Nuestra nación canaria continúa con la mayor tasa de paro global a nivel estatal (30%). Mientras tanto, las medidas diseñadas por el Gobierno español hacen cada día más duras las condiciones de vida de la población. Mucho más en el Archipiélago, con los peores indicadores socio-laborales.
El Gobierno de Canarias ha sido incapaz de frenar la fuerte destrucción de empleo. Además ha llevado a cabo un notable retroceso de la inversión pública en servicios como, la sanidad, la educación y la atención a la dependencia, políticas de igualdad y contra la violencia de género, educación y atención a la sexualidad, etc. Y la crisis ha sido la excusa perfecta para poner de manifiesto, una vez más, la ausencia de voluntad política real para remover los obstáculos que dificultan la igualdad efectiva entre mujeres y hombres. No se ataja la discriminación ni la vulnerabilidad que sufren los sectores más perjudicados de nuestra sociedad. La economía no se organiza para garantizar los derechos sociales de las personas y satisfacer sus necesidades.
Y en este panorama, ¿qué ocurre con las mujeres?
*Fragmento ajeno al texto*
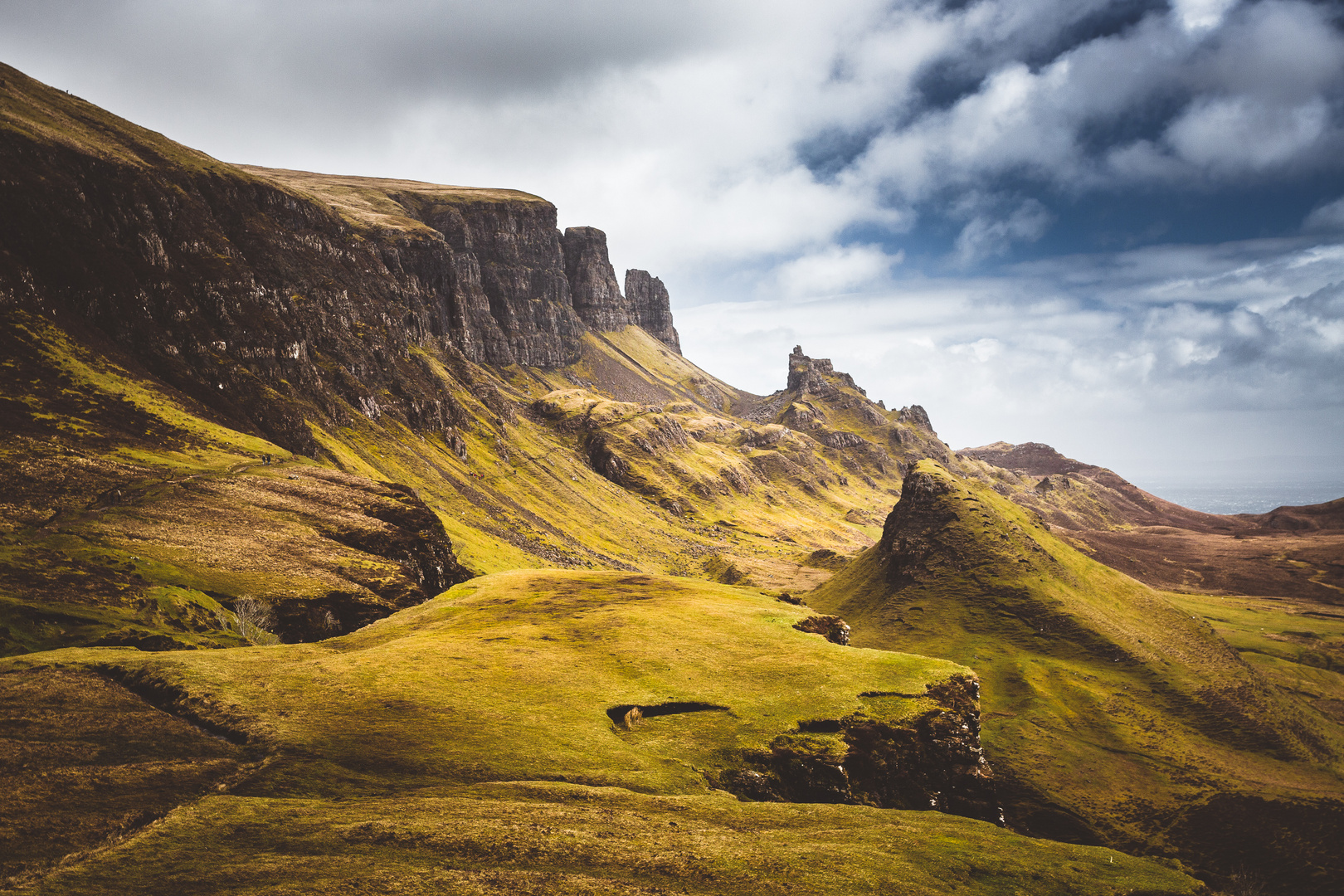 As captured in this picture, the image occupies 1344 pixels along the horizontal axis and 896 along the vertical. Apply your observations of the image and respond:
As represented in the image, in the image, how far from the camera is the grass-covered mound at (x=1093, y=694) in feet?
284

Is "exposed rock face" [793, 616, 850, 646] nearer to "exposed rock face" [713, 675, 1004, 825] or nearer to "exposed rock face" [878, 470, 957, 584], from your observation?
"exposed rock face" [713, 675, 1004, 825]

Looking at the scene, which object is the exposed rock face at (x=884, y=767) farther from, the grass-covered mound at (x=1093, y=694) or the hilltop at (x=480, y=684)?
the grass-covered mound at (x=1093, y=694)

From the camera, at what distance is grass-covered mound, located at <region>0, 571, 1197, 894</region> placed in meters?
25.1

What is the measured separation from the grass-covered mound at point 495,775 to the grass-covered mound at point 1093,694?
191 feet

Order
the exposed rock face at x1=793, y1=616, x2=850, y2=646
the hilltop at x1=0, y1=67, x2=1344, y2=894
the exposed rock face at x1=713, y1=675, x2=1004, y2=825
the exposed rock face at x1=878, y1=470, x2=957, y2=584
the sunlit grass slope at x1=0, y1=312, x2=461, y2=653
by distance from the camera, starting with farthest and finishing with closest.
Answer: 1. the exposed rock face at x1=878, y1=470, x2=957, y2=584
2. the exposed rock face at x1=793, y1=616, x2=850, y2=646
3. the sunlit grass slope at x1=0, y1=312, x2=461, y2=653
4. the exposed rock face at x1=713, y1=675, x2=1004, y2=825
5. the hilltop at x1=0, y1=67, x2=1344, y2=894

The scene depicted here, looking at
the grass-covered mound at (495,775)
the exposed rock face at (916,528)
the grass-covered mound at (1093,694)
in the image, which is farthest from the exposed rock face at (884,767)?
the exposed rock face at (916,528)

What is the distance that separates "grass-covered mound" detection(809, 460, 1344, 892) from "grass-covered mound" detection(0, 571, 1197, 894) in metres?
58.1

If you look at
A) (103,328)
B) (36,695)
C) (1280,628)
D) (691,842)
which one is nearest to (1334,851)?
(691,842)

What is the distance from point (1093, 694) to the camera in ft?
375

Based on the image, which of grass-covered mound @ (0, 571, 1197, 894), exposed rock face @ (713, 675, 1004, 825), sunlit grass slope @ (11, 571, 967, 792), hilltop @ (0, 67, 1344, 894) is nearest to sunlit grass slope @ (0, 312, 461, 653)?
hilltop @ (0, 67, 1344, 894)

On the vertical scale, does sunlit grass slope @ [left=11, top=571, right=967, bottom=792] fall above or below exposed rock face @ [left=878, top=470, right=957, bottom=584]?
below

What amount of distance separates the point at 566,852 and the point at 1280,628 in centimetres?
26621

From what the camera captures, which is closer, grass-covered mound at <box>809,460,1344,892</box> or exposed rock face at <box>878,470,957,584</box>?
grass-covered mound at <box>809,460,1344,892</box>

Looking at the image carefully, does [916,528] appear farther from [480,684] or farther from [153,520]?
[153,520] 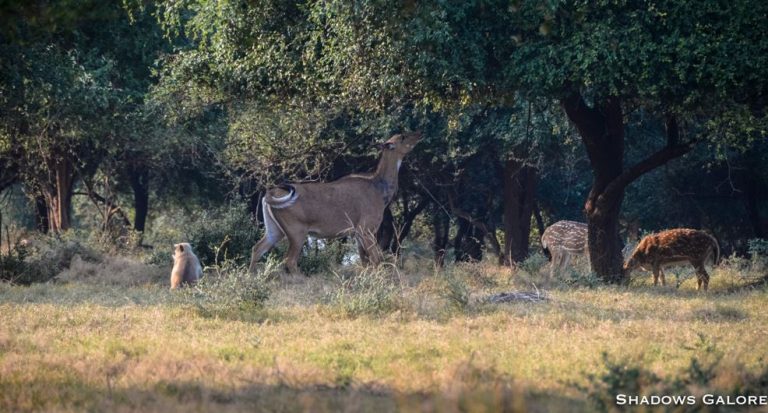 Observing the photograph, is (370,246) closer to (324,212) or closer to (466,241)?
(324,212)

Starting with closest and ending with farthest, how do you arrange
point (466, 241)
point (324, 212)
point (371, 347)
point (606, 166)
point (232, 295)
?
point (371, 347) → point (232, 295) → point (606, 166) → point (324, 212) → point (466, 241)

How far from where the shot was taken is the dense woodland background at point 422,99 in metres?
13.2

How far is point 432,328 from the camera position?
10.4m

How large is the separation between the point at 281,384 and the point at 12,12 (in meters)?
3.26

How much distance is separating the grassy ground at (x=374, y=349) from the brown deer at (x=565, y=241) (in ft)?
24.1

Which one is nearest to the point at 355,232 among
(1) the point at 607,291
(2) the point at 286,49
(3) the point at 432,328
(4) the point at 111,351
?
(2) the point at 286,49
La tasa de desempleo femenino en Canarias es una de las más altas del conjunto del Estado español (27%). Las mujeres canarias sufrimos también una mayor permanencia en el desempleo de larga duración y somos víctimas de mayores dificultades para acceder al trabajo remunerado. Las mujeres canarias que conseguimos acceder al empleo sufrimos condiciones laborales de mayor precariedad (mayor temporalidad, más contratación a tiempo parcial, discriminación salarial, más obstáculos a la promoción…), determina que tengamos un menor acceso a prestaciones sociales y menores pensiones de jubilación. El incremento de los niveles de pobreza que se está produciendo en Canarias, adopta cada vez más rostro de mujer.
Las medidas de “ajuste” en el sector público, que cuenta con una presencia importante de mujeres, rebajando los salarios, así como la supresión de ayudas y el aplazamiento de la implantación del permiso de paternidad de un mes, afectan especialmente a las mujeres.
Las condiciones laborales que, con excusa de la crisis, impone la patronal, en relación a la jornada laboral, horario, turnos, y que en el supuesto de no adaptarse a las mismas son motivo de despido procedente, llevan a una vuelta al hogar de miles de mujeres. En tal sentido, la eliminación de la bonificación para la contratación de mujeres y el mantenimiento de los incentivos a la contratación parcial, principal motor de la dualización de género del mercado del trabajo y la introducción de mayor movilidad, son elementos que perjudican comparativamente a las mujeres, porque solemos disponer de menor flexibilidad de horarios y de más condicionantes familiares que los hombres. Así mismo, la no inclusión de las empleadas de hogar en la legislación laboral, perpetúa la discriminación de una actividad laboral históricamente femenina.
El reconocimiento, exclusivamente para las mujeres, de periodos cotizados por el cuidado de hijos e hijas, equivale a perpetuar la división sexual del trabajo, apartando a las mujeres del mercado del trabajo, no contribuyendo a la corresponsabilidad en el sistema de cuidados. El desmantelamiento de los servicios públicos como, la sanidad, la educación, la atención a la dependencia, las políticas de igualdad, etc., producido en Canarias, se traduce en la práctica en una enorme cantidad de trabajos y cuidados que regresan al ámbito doméstico y, en particular, a las espaldas de las mujeres. No queremos dejar de mencionar las dificultades y obstáculos que está teniendo en Canarias la aplicación de la Ley de Salud Sexual y Reproductiva.
La lacra que para cualquier sociedad representa la violencia de género, adquiere tintes dramáticos en la sociedad canaria, y debe hacer levantar la voz y la conciencia colectiva de hombres y mujeres contra esta azote que cual metástasis se extiende en nuestra sociedad.
Sobre estas bases debemos mantener la presión y la lucha, implicando en ello a todos los sectores sociales, al conjunto de hombres y mujeres, para la liberación de género y la emancipación social y nacional de Canarias.